[Web page caption snippets]
▼▼▼
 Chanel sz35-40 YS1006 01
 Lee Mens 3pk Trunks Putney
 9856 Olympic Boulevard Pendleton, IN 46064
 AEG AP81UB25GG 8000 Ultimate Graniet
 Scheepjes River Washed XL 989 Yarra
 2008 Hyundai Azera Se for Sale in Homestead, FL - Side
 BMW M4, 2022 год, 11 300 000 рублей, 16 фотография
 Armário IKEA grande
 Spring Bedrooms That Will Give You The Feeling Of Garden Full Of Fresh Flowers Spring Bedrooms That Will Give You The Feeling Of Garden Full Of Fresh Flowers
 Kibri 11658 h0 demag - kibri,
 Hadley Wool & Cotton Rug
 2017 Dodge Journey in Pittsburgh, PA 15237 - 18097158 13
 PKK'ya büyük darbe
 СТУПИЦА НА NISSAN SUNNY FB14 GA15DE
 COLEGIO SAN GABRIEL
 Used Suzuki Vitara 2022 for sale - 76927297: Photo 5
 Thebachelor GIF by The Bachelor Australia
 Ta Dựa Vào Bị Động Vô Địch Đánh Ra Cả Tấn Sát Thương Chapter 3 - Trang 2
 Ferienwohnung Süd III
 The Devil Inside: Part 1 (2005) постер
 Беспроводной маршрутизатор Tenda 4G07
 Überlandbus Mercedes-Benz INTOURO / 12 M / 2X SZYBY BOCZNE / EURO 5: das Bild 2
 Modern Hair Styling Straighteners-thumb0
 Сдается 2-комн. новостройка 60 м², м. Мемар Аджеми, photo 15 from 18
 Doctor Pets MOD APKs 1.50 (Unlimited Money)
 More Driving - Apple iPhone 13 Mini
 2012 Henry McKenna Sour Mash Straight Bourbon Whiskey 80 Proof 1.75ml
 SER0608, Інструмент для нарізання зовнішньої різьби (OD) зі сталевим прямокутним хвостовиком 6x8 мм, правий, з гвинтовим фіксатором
▲▲▲
Every entry is to be returned exactly, with nothing dropped.

> **Exercise answer**:
 Chanel sz35-40 YS1006 01
 Lee Mens 3pk Trunks Putney
 9856 Olympic Boulevard Pendleton, IN 46064
 AEG AP81UB25GG 8000 Ultimate Graniet
 Scheepjes River Washed XL 989 Yarra
 2008 Hyundai Azera Se for Sale in Homestead, FL - Side
 BMW M4, 2022 год, 11 300 000 рублей, 16 фотография
 Armário IKEA grande
 Spring Bedrooms That Will Give You The Feeling Of Garden Full Of Fresh Flowers Spring Bedrooms That Will Give You The Feeling Of Garden Full Of Fresh Flowers
 Kibri 11658 h0 demag - kibri,
 Hadley Wool & Cotton Rug
 2017 Dodge Journey in Pittsburgh, PA 15237 - 18097158 13
 PKK'ya büyük darbe
 СТУПИЦА НА NISSAN SUNNY FB14 GA15DE
 COLEGIO SAN GABRIEL
 Used Suzuki Vitara 2022 for sale - 76927297: Photo 5
 Thebachelor GIF by The Bachelor Australia
 Ta Dựa Vào Bị Động Vô Địch Đánh Ra Cả Tấn Sát Thương Chapter 3 - Trang 2
 Ferienwohnung Süd III
 The Devil Inside: Part 1 (2005) постер
 Беспроводной маршрутизатор Tenda 4G07
 Überlandbus Mercedes-Benz INTOURO / 12 M / 2X SZYBY BOCZNE / EURO 5: das Bild 2
 Modern Hair Styling Straighteners-thumb0
 Сдается 2-комн. новостройка 60 м², м. Мемар Аджеми, photo 15 from 18
 Doctor Pets MOD APKs 1.50 (Unlimited Money)
 More Driving - Apple iPhone 13 Mini
 2012 Henry McKenna Sour Mash Straight Bourbon Whiskey 80 Proof 1.75ml
 SER0608, Інструмент для нарізання зовнішньої різьби (OD) зі сталевим прямокутним хвостовиком 6x8 мм, правий, з гвинтовим фіксатором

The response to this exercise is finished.